QPyTorch’s documentation

QPyTorch Functionality Overview

Introduction

In this notebook, we provide an overview of the major features of QPyTorch.

[1]:
import torch
import qtorch

Quantization

QPyTorch supports three different number formats: fixed point, block floating point, and floating point.

QPyTorch provides quantization functions that quantizes pytorch tensor.

[2]:
from qtorch.quant import fixed_point_quantize, block_quantize, float_quantize
[3]:
full_precision_tensor = torch.rand(5)
print("Full Precision: {}".format(full_precision_tensor))
low_precision_tensor = float_quantize(full_precision_tensor, exp=5, man=2, rounding="nearest")
print("Low Precision: {}".format(low_precision_tensor))
Full Precision: tensor([0.1241, 0.3602, 0.7104, 0.8344, 0.0211])
Low Precision: tensor([0.1250, 0.3750, 0.7500, 0.8750, 0.0195])

QPyTorch supports both nearest rounding and stochastic rounding.

[4]:
nearest_rounded = float_quantize(full_precision_tensor, exp=5, man=2, rounding="nearest")
stochastic_rounded = float_quantize(full_precision_tensor, exp=5, man=2, rounding="stochastic")
print("Nearest: {}".format(nearest_rounded))
print("Stochastic: {}".format(stochastic_rounded))
Nearest: tensor([0.1250, 0.3750, 0.7500, 0.8750, 0.0195])
Stochastic: tensor([0.1250, 0.3750, 0.7500, 0.8750, 0.0195])

Autograd

QPyTorch offers a pytorch nn.Module wrapper to integrate quantization into auto differention.

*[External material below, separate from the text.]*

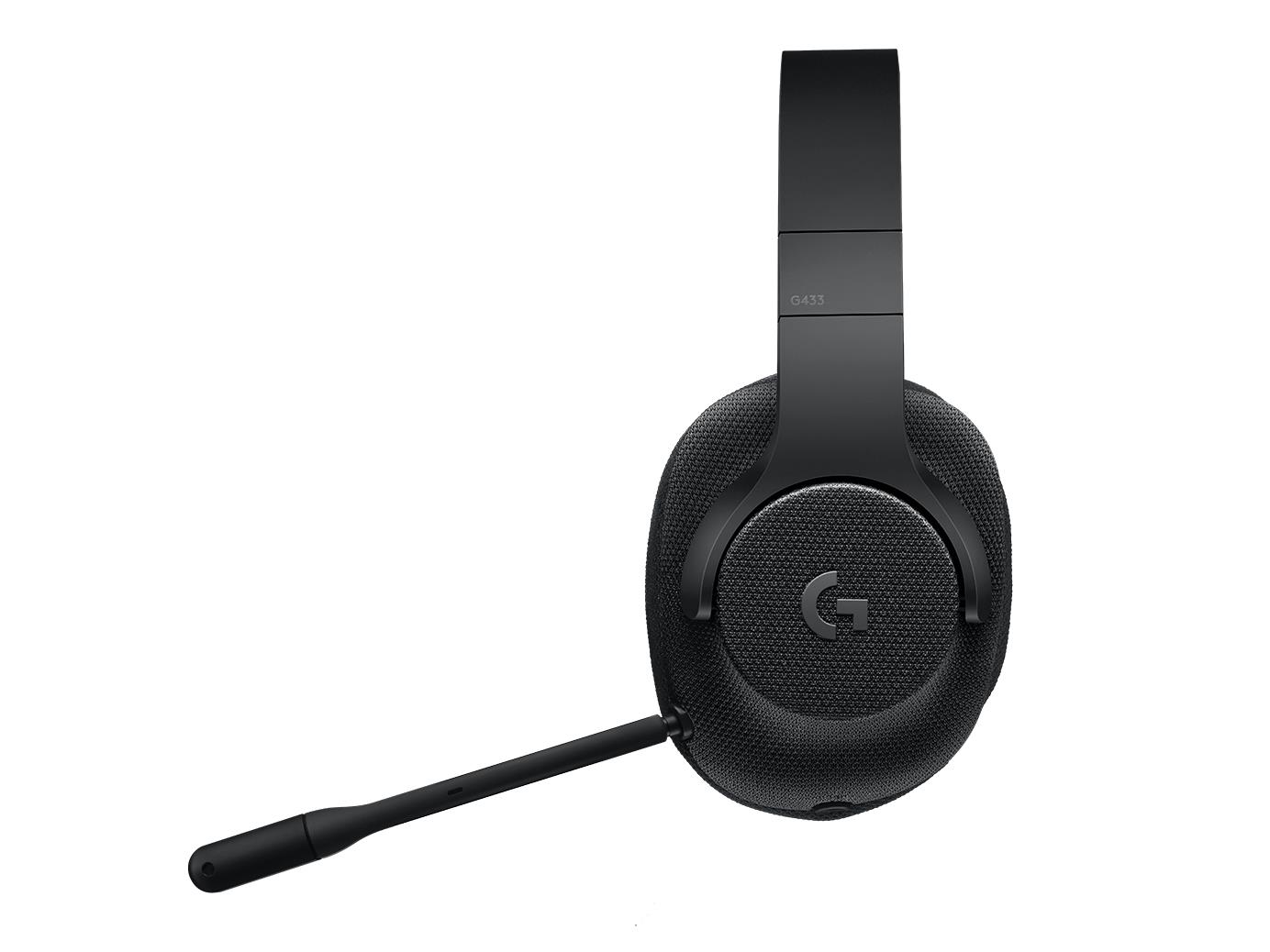 HEADSET GAMING G433/BLACK 981-000668 LOGITECH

A Quantizer module can use different low-precision number formats for forward and backward propagation.

[5]:
# First define number formats used in forward and backward quantization
from qtorch import FixedPoint, FloatingPoint
forward_num = FixedPoint(wl=4, fl=2)
backward_num = FloatingPoint(exp=5, man=2)

# Create a quantizer
from qtorch.quant import Quantizer
Q = Quantizer(forward_number=forward_num, backward_number=backward_num,
              forward_rounding="nearest", backward_rounding="stochastic")
[6]:
# Use QPyTorch Quantizer just as any other nn.Modules
from torch.nn import Module, Linear
class LinearLP(Module):
    """
    a low precision Logistic Regression model
    """
    def __init__(self):
        super(LinearLP, self).__init__()
        self.W = Linear(5, 1)

    def forward(self, x):
        out = self.W(x)
        out = Q(out)
        return out

lp_model = LinearLP()
[7]:
# forward low precision model, get low precision output
fake_input = torch.rand(5)
lp_output = lp_model(fake_input)
print("Low Precision Output: {}".format(lp_output))
Low Precision Output: tensor([-0.2500], grad_fn=<RoundingBackward>)
[8]:
# backward propagation is quantized automatically
from torch import sigmoid
from torch.nn import BCELoss
lp_model.zero_grad()
criterion = BCELoss()
label = torch.Tensor([0])
loss = criterion(sigmoid(lp_output), label)
loss.backward()

Low Precision Optimization

Weight and Gradient Quantization

In the previous example, the forward and backward signals are quantized into low precision. However, if we optimize our model using gradient descent, the weight and gradient may not necessarily be low precision. QPyTorch offers a low precision wrapper for pytorch optimizers and abstracts the quantization of weights, gradients, and the momentum velocity vectors.

[9]:
from torch.optim import SGD
from qtorch.optim import OptimLP

optimizer = SGD(lp_model.parameters(), momentum=0.9, lr=0.1) # use your favorite optimizer
# define custom quantization functions for different numbers
weight_quant = lambda x : float_quantize(x, exp=5, man=2, rounding="nearest")
gradient_quant = lambda x : float_quantize(x, exp=5, man=2, rounding="nearest")
momentum_quant = lambda x : float_quantize(x, exp=6, man=9, rounding="nearest")
# turn your optimizer into a low precision optimizer
optimizer = OptimLP(optimizer,
                    weight_quant=weight_quant,
                    grad_quant=gradient_quant,
                    momentum_quant=momentum_quant)
[10]:
print("Weight before optimizer stepping: \n{}".format(lp_model.W.weight.data))
print("Gradient before optimizer stepping: \n{}\n".format(lp_model.W.weight.grad))
optimizer.step()
print("Weight after optimizer stepping: \n{}".format(lp_model.W.weight.data))
print("Gradient after optimizer stepping: \n{}".format(lp_model.W.weight.grad))
optimizer.zero_grad() #
Weight before optimizer stepping:
tensor([[-0.1850,  0.1250, -0.1007, -0.0862,  0.3034]])
Gradient before optimizer stepping:
tensor([[0.1051, 0.2755, 0.0375, 0.1643, 0.1883]])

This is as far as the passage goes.